Phase 7 — Vendor-neutral metrics¶

aiokpl emits semantic events. The destination — CloudWatch, OpenTelemetry, Datadog, or none — is a pluggable sink. The library itself knows nothing about any vendor: it builds rolling-window aggregates and hands them to the sink you plug in.

Design¶

stages.put("UserRecordsPut", 1.0, stream=...)
        │
        ▼
MetricsManager  ── rolling 60 s windows per (name, dims)
        │
        ▼  every upload_interval_ms
   sink.export([MetricSnapshot, ...])
        │
        ▼
   CloudWatch / OTLP / Prometheus / Datadog / your own backend

A sink is anything that satisfies the MetricsSink Protocol:

from aiokpl.sinks import MetricSnapshot, MetricsSink

class MyBackend:
    async def export(self, snapshots):
        for s in snapshots:
            ...

    async def __aenter__(self): return self
    async def __aexit__(self, *exc): ...

If your sink wants per-event resolution (not just aggregated snapshots), implement EventfulMetricsSink too: MetricsManager will call sink.record(event) synchronously inside MetricsManager.put. Note that record must be sync — async work belongs in export.

Toggle¶

from aiokpl import Config, MetricsLevel, Producer
from aiokpl.sinks import InMemorySink

cfg = Config(
    region="us-east-1",
    metrics_level=MetricsLevel.DETAILED,
    metrics_sink=InMemorySink(),         # or any MetricsSink
    metrics_upload_interval_ms=60_000,
)
async with Producer(cfg) as producer:
    ...

metrics_sink=None (the default) uses NullSink: zero overhead, no network, no allocations.

Levels¶

Level	Dimensions kept	Use case
`NONE`	n/a (no-op)	Default. Zero overhead.
`SUMMARY`	`stream`	Coarse dashboards, low cardinality.
`DETAILED`	`stream`, `shard`, `error_code`	Per-shard alerting.

First-party sinks¶

Off (default)CloudWatchOpenTelemetryDatadog

cfg = Config(region="us-east-1")   # metrics_sink defaults to None → NullSink

from aiokpl.sinks import CloudWatchSink

cfg = Config(
    region="us-east-1",
    metrics_level=MetricsLevel.DETAILED,
    metrics_sink=CloudWatchSink(
        region="us-east-1",
        namespace="my-app/aiokpl",
    ),
)

Bundled because aiobotocore is already a runtime dep (Kinesis client). Dimension translation: stream → StreamName, shard → ShardId, error_code → ErrorCode. Snapshots upload as StatisticValues payloads, chunked at the 1000-entry CloudWatch limit.

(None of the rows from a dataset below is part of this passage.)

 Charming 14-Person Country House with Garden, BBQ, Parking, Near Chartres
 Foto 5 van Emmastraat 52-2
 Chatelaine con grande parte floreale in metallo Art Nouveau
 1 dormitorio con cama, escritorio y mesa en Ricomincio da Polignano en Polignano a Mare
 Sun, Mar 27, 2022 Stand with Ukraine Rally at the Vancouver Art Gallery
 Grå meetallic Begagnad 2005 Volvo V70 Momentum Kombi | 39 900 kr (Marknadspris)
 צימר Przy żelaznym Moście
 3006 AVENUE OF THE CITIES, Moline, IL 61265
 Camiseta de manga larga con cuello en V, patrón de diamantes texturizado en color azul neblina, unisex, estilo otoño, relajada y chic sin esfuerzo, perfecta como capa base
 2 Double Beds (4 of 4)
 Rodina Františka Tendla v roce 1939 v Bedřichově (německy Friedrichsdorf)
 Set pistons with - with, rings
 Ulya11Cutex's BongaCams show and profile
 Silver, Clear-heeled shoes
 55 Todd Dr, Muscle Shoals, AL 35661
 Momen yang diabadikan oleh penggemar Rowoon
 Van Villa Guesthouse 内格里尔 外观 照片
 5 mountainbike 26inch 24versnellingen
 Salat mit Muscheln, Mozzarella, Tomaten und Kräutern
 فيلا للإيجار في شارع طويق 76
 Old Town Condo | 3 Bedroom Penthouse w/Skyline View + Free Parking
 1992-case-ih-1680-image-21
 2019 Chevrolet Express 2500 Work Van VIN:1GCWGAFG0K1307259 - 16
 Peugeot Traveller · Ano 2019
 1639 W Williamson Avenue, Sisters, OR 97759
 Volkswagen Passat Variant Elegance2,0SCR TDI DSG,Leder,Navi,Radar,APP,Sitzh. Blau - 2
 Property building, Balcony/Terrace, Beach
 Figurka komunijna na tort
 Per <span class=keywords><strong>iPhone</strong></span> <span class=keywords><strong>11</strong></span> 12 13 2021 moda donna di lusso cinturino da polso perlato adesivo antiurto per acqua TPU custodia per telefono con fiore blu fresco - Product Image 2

Install: pip install 'aiokpl[otel]'

from opentelemetry import metrics as otel_metrics
from opentelemetry.sdk.metrics import MeterProvider
from opentelemetry.sdk.metrics.export import PeriodicExportingMetricReader
from opentelemetry.exporter.otlp.proto.grpc.metric_exporter import OTLPMetricExporter

reader = PeriodicExportingMetricReader(OTLPMetricExporter())
otel_metrics.set_meter_provider(MeterProvider(metric_readers=[reader]))

from aiokpl.sinks.opentelemetry import OpenTelemetrySink

cfg = Config(
    region="us-east-1",
    metrics_level=MetricsLevel.DETAILED,
    metrics_sink=OpenTelemetrySink(instrument_prefix="aiokpl."),
)

Recommended path for new deployments — it brings the full exporter ecosystem (Prometheus, OTLP collector, Honeycomb, Grafana, …).

Install: pip install 'aiokpl[datadog]'. Set DD_API_KEY / DD_APP_KEY in the environment, or pass them explicitly.

from aiokpl.sinks.datadog import DatadogSink

cfg = Config(
    region="us-east-1",
    metrics_level=MetricsLevel.DETAILED,
    metrics_sink=DatadogSink(site="datadoghq.com", metric_prefix="aiokpl."),
)

Counts go to the count API, distributions to submit_distribution_points, gauges to gauge.

Metric names → instrument types¶

Names match the C++ KPL constants verbatim (aws/metrics/metrics_constants.h) so existing dashboards keep working.

Name	OTel instrument	Datadog type	Where it fires
`UserRecordsReceived`	Counter	count	`Aggregator.build_buffered`
`UserRecordsPut`	Counter	count	`Retrier._finish_success`
`UserRecordsDataPut`	Counter	count	per-success, value = `len(data)`
`UserRecordsPending`	UpDownCounter	gauge	sampled every 5 s by the Producer
`KinesisRecordsPut`	Counter	count	per AggregatedRecord success
`KinesisRecordsDataPut`	Counter	count	per-success, value = `batch.size`
`AllErrors`	Counter	count	any retrier error classification
`ErrorsByCode`	Counter	count	dimensioned by `error_code`
`RetriesPerRecord`	Histogram	distribution	`len(attempts) - 1`
`BufferedTime`	Histogram	distribution	Limiter admits
`RequestTime`	Histogram	distribution	Sender's PutRecords latency
`ExpiredRecords`	Counter	count	Limiter expiry

In-process inspection¶

snap = producer.metrics.snapshot()       # dict[MetricKey, (count, sum, min, max)]
snaps = producer.metrics.snapshots()     # tuple[MetricSnapshot, ...]
await producer.metrics.flush()           # force one export through the sink

These accessors stay available regardless of which sink is plugged in; sinks that want to expose their own state do so on their own surface (e.g. InMemorySink.by_name).

Constraints¶

CloudWatch upload is asyncio-only — aiobotocore is asyncio-only. OTel + Datadog + Null + InMemory sinks are backend-agnostic.
No vendor strings in core. aiokpl/metrics.py and Config do not mention CloudWatch, Datadog, or OpenTelemetry; provider knobs live on the sink constructor.